THE NBL's decision today to turn its annual All-NBL Teams into "positionless" - that is, not two guards, two forwards and a centre or similar, but just the five so-called best players - is a typically ill-conceived retrograde step, reinforcing league boffins do not care or understand the fact basketball is a team sport, and instead will bow to whatever is populist at the time.

There is no concession among present league management toward understanding the sport or what it takes to create an elite team. What the NBL understands is $$$.

The NBL is no longer about the sport first and hasn't been for a while now. It is about entertainment first. Fair enough I suppose, but it has forgotten basketball is an entertaining sport, NOT sports entertainment, a la the Harlem Globetrotters or the various WWE and AEW wrestling companies.
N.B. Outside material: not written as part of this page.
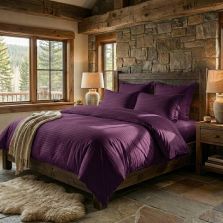 Lenjerie pat dublu 6 piese Damasc Policoton, cearsaf pat 230x250 cm, pilota 200x230 cm, fete perne 50x70 cm si 70x70 cm, dunga 1 cm Mov Vișiniu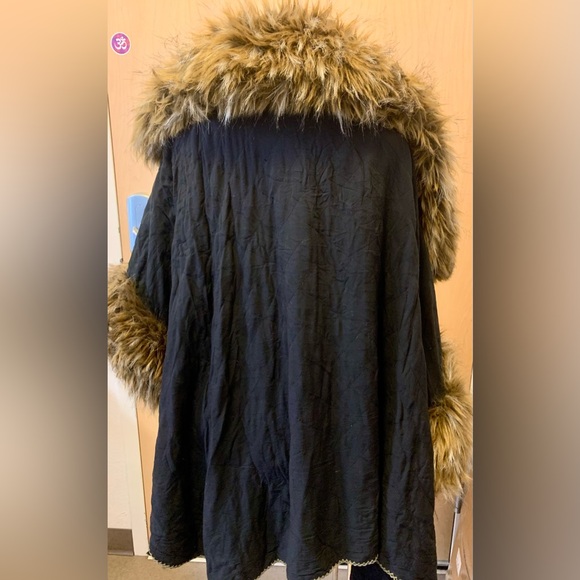 Bl^nk London Anthropologie Black Cape - Picture 2 of 5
Having a great point guard or a versatile centre is as much a part of basketball as having five players who can switch defensively on every screen.

Marquee names may get us to games but it is the sum of the five guys and the way they combine together which creates the diversity and excitement that differentiates our sport from every other. 

That is precisely why an All-NBL Five should reflect the sport - this TEAM sport - by identifying who were the best players in their positions.

It's about - or should be if it isn't - the five players you'd want to start for the NBL in a non-restricted real match, were such a thing ever on the table.

It's that simple and as any coach will tell you, the five best players will not necessarily constitute the best five-man combination. There are myriad examples of this and for Naismith's sake, we even have a well-worn saying for it: "A champion TEAM will always beat a team of champions."

That's what sets apart the All NBL Team. It's a team. It's NOT necessarily your competition's five best players.

Truly, if you only care to know who the NBL's five best players are, that's already there and easy to define. They are the guys who finish 1-to-5 in the Most Valuable Player voting.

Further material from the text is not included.